2006-11-21 16:06:33

by Mathieu Desnoyers

[permalink] [raw]
Subject: LTTng do_page_fault vs handle_mm_fault instrumentation

Hi Ingo,

I would like to discuss your suggestion of moving the do_page_fault
instrumentation to handle_mm_fault. On one side, it helps removing architecture
dependant instrumentation, but on the other hand :

1- We cannot access the struct pt_regs in all cases (there may be an invalid
current task struct).
2- We cannot distinguish between calls to handle_mm_fault from the page fault
handler or from get_user_pages.
3- Some people complain about not having enough information about the cause of
the page fault (see the forward below).

So instead of staying between my users who ask for those feature and kernel
developers who wish to reduce the intrusiveness of instrumentation (which is a
nice goal : moving the syscall entry/exit instrumentation do do_syscall_trace
has helped simplifying the instrumentation), I prefer to open the discussion
about it.

Ideas/comments are welcome.

Regards,

Mathieu


----- Forwarded message from Sergei Shtylyov <[email protected]> -----

Date: Tue, 21 Nov 2006 18:55:27 +0300
To: [email protected], [email protected]
Cc: [email protected], [email protected]
Organization: MontaVista Software Inc.
User-Agent: KMail/1.5
From: Sergei Shtylyov <[email protected]>
Subject: [PATCH] PowerPC: rearrange/add trap markers in do_page_fault()

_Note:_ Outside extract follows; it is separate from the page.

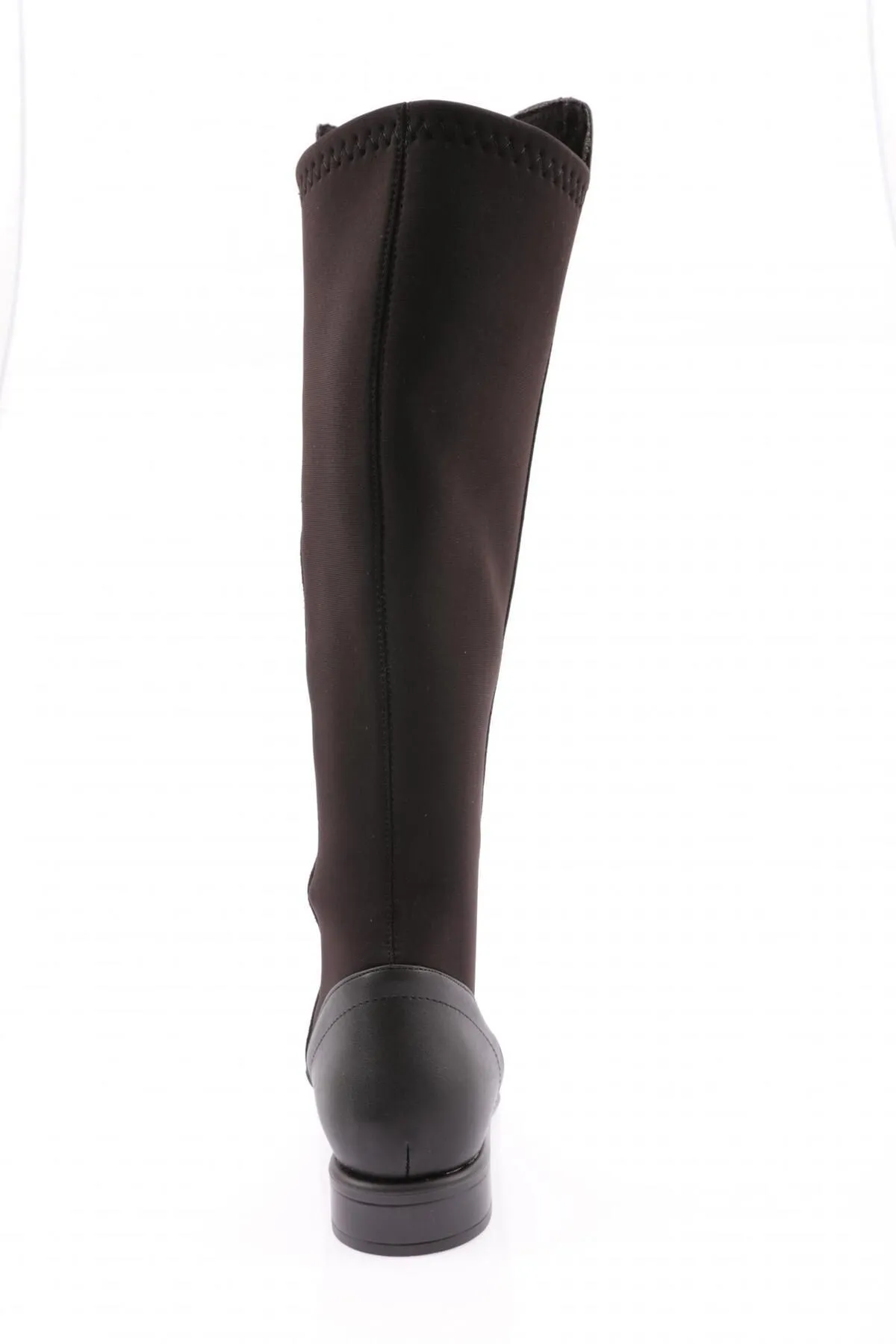DGN  Schwarze kniehohe Ballerinas für Damen Modell 501 – Stretchbogen und seitlicher Reißverschluss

Rearrange existing trap markers in PowerPC do_page_fault() to avoid duplicate
trap reporting in a certain case, and add the markers to some code paths that
were missed...

Signed-off-by: Sergei Shtylyov <[email protected]>

---
MIPS needs something along these lines as well. Removing the trap tracepoints
from do_page_fault() was a bad move in the first place...

arch/powerpc/mm/fault.c | 17 +++++++++++------
1 files changed, 11 insertions(+), 6 deletions(-)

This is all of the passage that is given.